TASK GOAL:
Your task is to repeat exactly the lines below between the line holding "Dark Parrot Green Bardot Top" and the line holding "Amen Green iPhone", inclusive, and only those.

DATASET RECORDS:
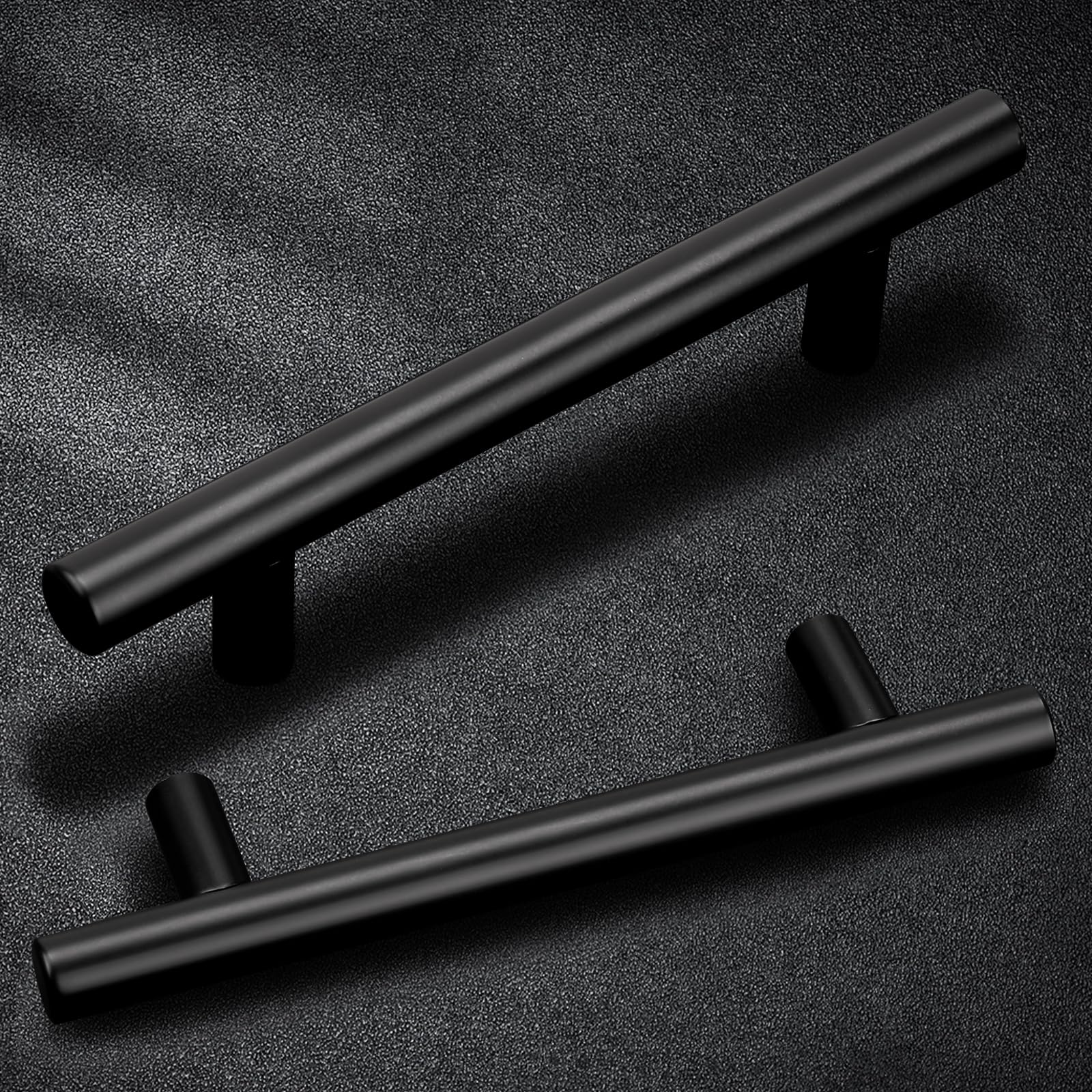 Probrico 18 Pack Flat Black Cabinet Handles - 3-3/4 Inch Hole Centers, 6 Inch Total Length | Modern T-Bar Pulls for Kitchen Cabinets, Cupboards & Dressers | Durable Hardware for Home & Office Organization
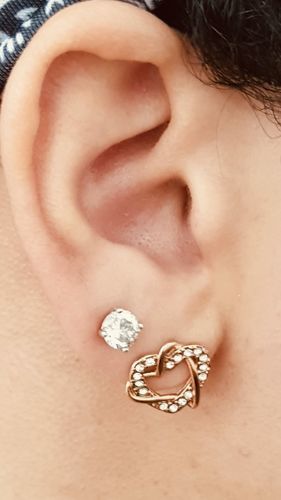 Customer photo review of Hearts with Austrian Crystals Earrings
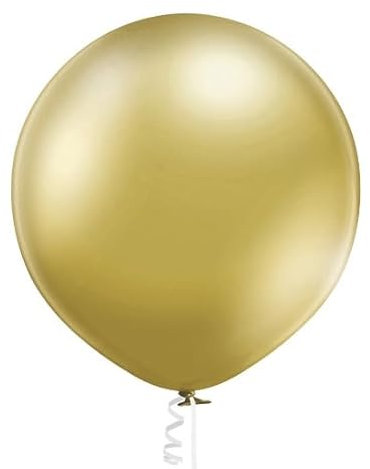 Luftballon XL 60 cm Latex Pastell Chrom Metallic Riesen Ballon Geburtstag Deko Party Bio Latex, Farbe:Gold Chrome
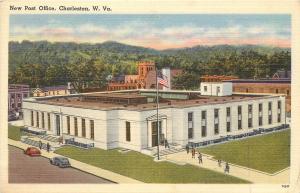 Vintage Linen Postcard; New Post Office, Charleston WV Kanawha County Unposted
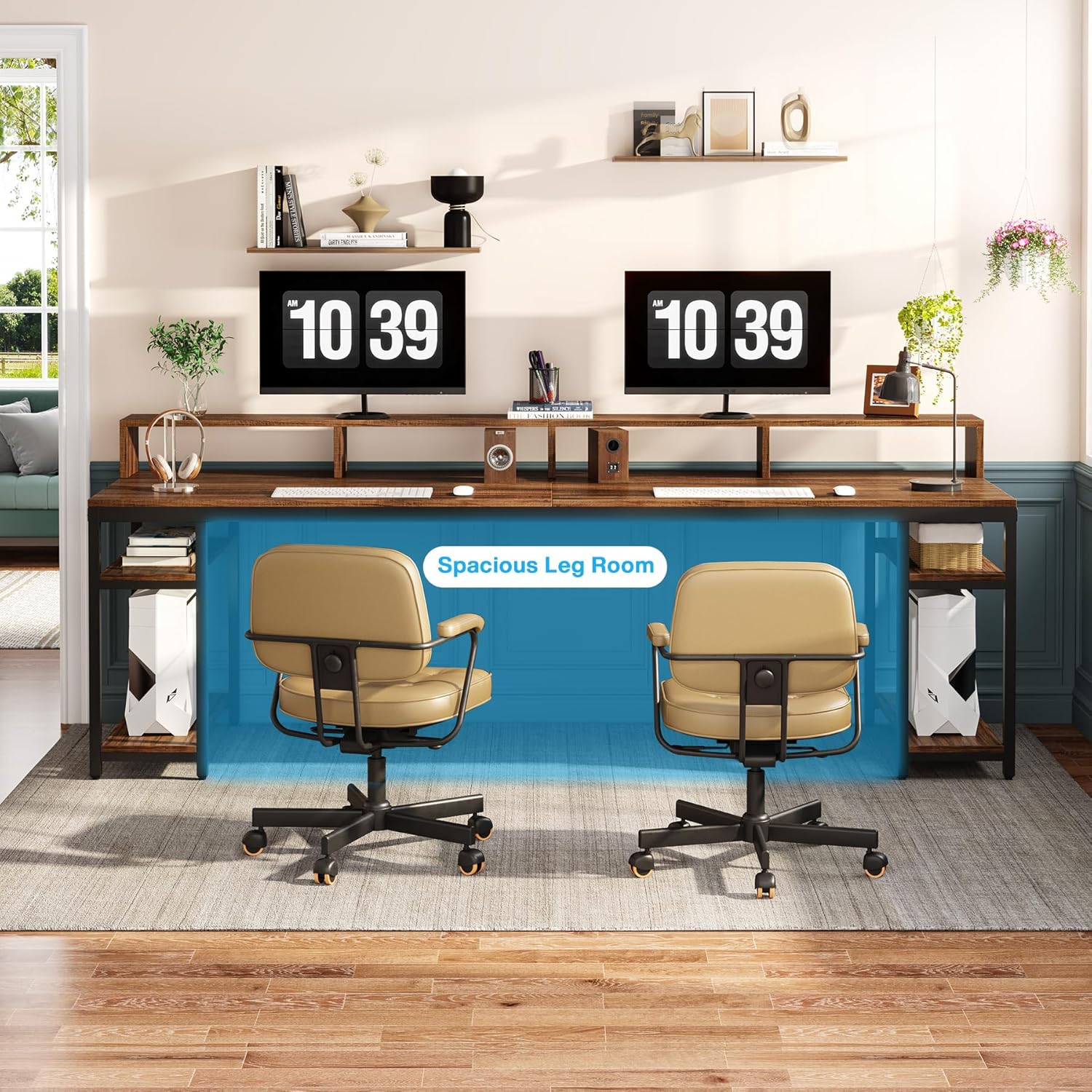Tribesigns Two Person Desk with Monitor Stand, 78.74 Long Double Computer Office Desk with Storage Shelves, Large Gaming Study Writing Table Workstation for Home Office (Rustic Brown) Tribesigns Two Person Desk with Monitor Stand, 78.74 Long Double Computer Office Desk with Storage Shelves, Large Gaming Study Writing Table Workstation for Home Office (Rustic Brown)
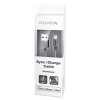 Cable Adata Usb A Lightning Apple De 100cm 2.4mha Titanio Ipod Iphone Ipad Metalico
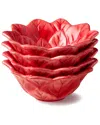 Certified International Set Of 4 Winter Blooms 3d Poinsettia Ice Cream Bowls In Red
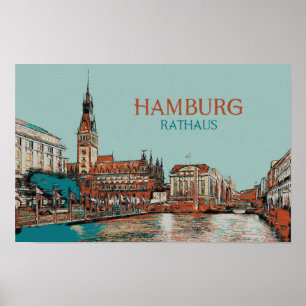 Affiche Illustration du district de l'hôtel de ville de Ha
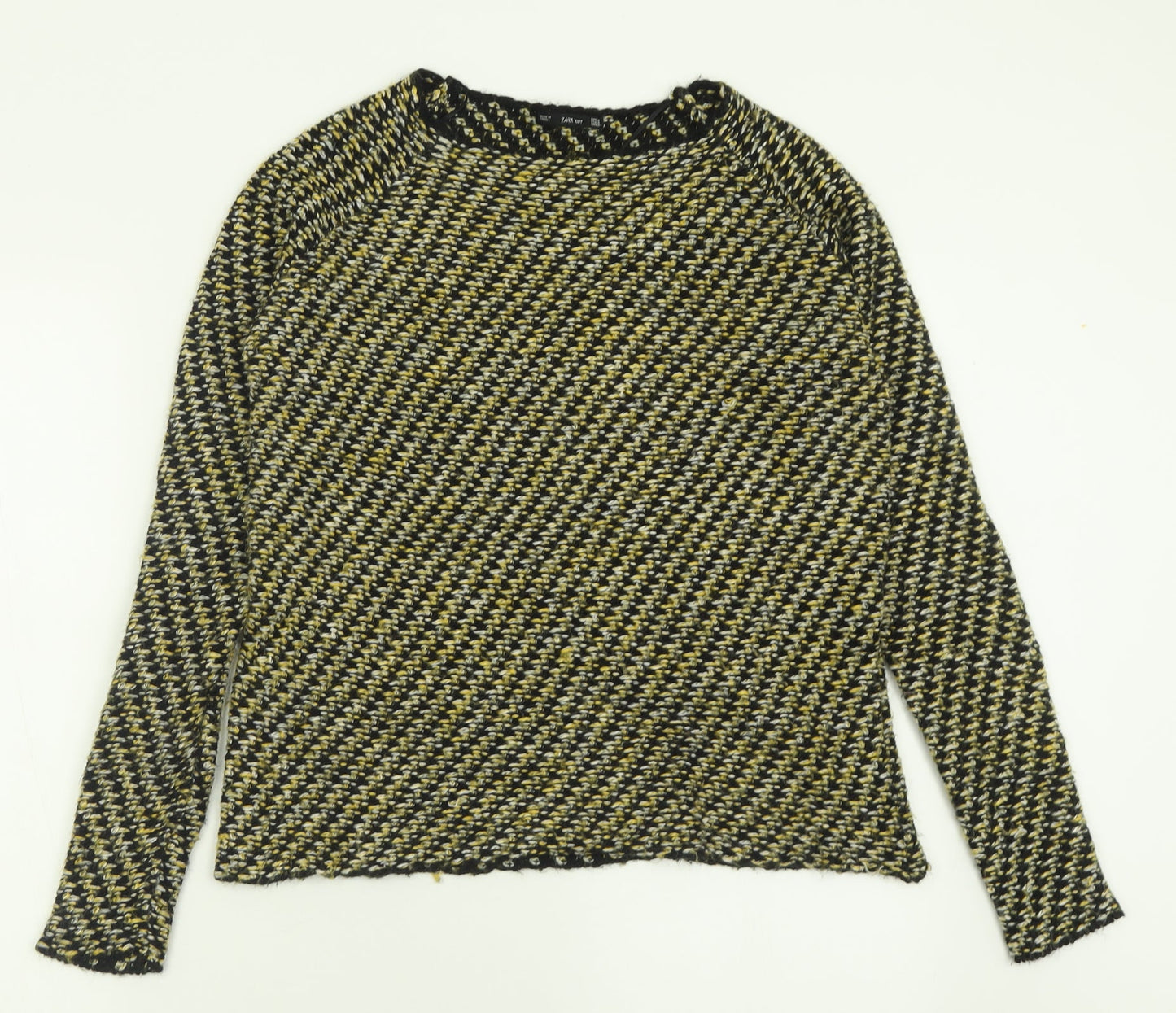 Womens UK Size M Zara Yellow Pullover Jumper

---

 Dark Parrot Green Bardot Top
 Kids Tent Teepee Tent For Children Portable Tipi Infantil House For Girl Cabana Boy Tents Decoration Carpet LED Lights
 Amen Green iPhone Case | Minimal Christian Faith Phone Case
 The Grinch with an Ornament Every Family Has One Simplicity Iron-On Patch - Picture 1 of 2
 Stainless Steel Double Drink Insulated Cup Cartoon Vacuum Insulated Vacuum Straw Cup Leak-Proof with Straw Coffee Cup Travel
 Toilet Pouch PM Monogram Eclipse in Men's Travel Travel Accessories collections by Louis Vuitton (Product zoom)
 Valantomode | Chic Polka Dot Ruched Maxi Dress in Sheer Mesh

SOLVED PROBLEM:
 Dark Parrot Green Bardot Top
 Kids Tent Teepee Tent For Children Portable Tipi Infantil House For Girl Cabana Boy Tents Decoration Carpet LED Lights
 Amen Green iPhone Case | Minimal Christian Faith Phone Case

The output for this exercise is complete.